** Exercise instructions **
Only one stretch of the data below is wanted: the lines starting at the one with "Feriehus nr. 755 har egen bar" and ending at the one with "GlowGua Facial Tool", both included, given again exactly.
##### Task material
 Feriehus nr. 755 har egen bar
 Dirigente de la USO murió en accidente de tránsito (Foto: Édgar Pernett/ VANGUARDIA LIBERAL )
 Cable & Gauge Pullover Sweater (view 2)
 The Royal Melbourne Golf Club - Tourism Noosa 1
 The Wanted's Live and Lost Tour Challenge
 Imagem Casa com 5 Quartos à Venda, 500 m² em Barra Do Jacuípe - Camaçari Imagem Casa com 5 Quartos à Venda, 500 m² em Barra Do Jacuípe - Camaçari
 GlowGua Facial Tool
##########
##### Task material
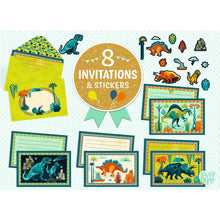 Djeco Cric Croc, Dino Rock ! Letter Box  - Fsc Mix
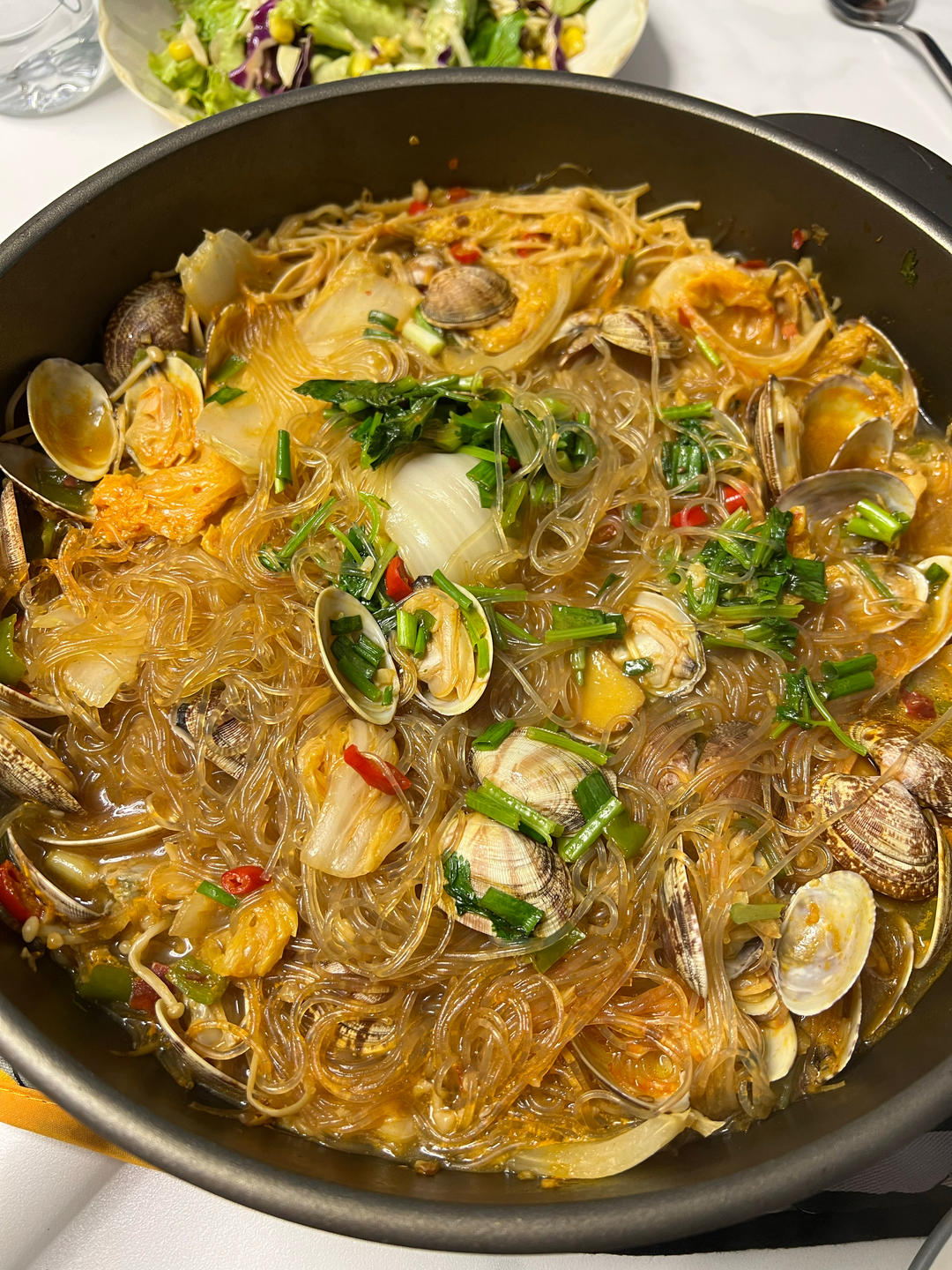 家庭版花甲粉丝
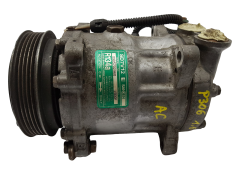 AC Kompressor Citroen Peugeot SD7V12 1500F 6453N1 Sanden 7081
##########
** Answer space **
 Feriehus nr. 755 har egen bar
 Dirigente de la USO murió en accidente de tránsito (Foto: Édgar Pernett/ VANGUARDIA LIBERAL )
 Cable & Gauge Pullover Sweater (view 2)
 The Royal Melbourne Golf Club - Tourism Noosa 1
 The Wanted's Live and Lost Tour Challenge
 Imagem Casa com 5 Quartos à Venda, 500 m² em Barra Do Jacuípe - Camaçari Imagem Casa com 5 Quartos à Venda, 500 m² em Barra Do Jacuípe - Camaçari
 GlowGua Facial Tool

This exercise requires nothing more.